The applicable government-provided performance metric, "usage of SBs in subcontracting," was specified to provide a common, clearly understandable and measurable basis for monitoring awardee's success in meeting the above objective during performance. The metric, "usage of SBs," as modified by AC4S, however, fails to reflect the intent of the SOO objective to assure achievement of subcontracting targets and allow for mentorship of small businesses, or the intent of the provided metrics, because it captures AC4S's own efforts as a small business along with those of its small business subcontractors. The extent to which AC4S's modified performance metric deviated from the SOO objective and government-specified metric is apparent when it is considered that AC4S also included its own efforts as a small business in its proposed percentage small business usage in ALQ 1.d, contrary to the RFP's instructions. In Volume IV of its proposal, AC4S stated that "AC4S is retaining 80% of the contract towards small businesses. The 80% includes 50% for AC4S." On the same page of the proposal, in Table 3 - Subcontracting Participation Goals, AC4S confirms that 30% of the contract will be subcontracted to small businesses. However, rather than enter the 30% figure from Table 3 into ALQ 1.d, as instructed, AC4S entered "80 percent." The Agency was aware that awardee's under this contract would likely outgrow their small business status and were prevented from including themselves in this calculation.

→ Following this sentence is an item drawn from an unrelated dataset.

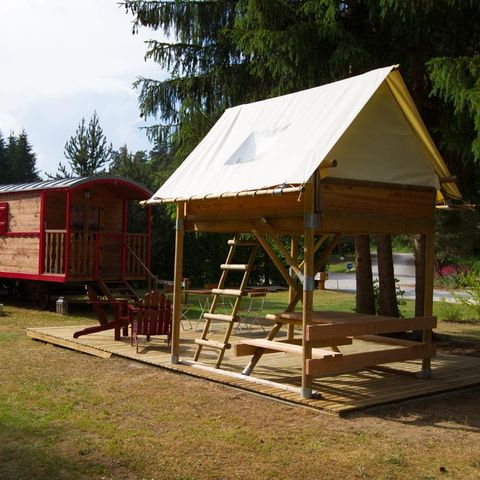 UNUSUAL ACCOMMODATION 6 people - ROBINSON with tent on stilts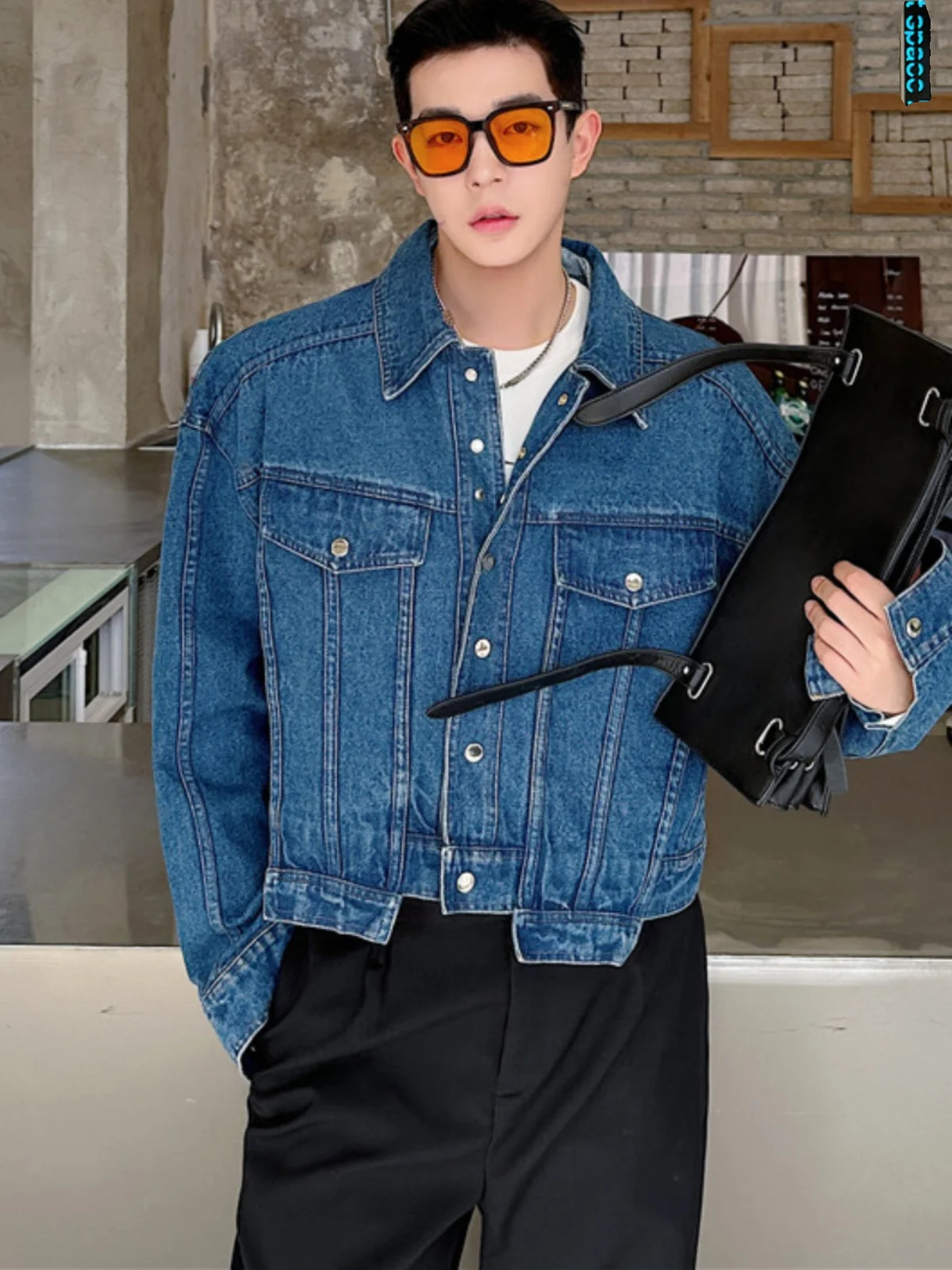 

Новая весенняя мужская джинсовая куртка свободного кроя с асимметричным дизайном, повседневная, молодежная, однотонная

The overall effect is that, by including its own efforts in the small business utilization percentage of ALQ 1.d, and by omitting the phrase "in subcontracting" from metric 1.d, AC4S made it possible to compensate for failure to meet its subcontracting objective by increasing its own share of contract performance. Therefore, the omission of the phrase "in subcontracting" had a material effect on AC4S's commitment to conform to the specified small business usage metric required by the RFP. The protest is denied.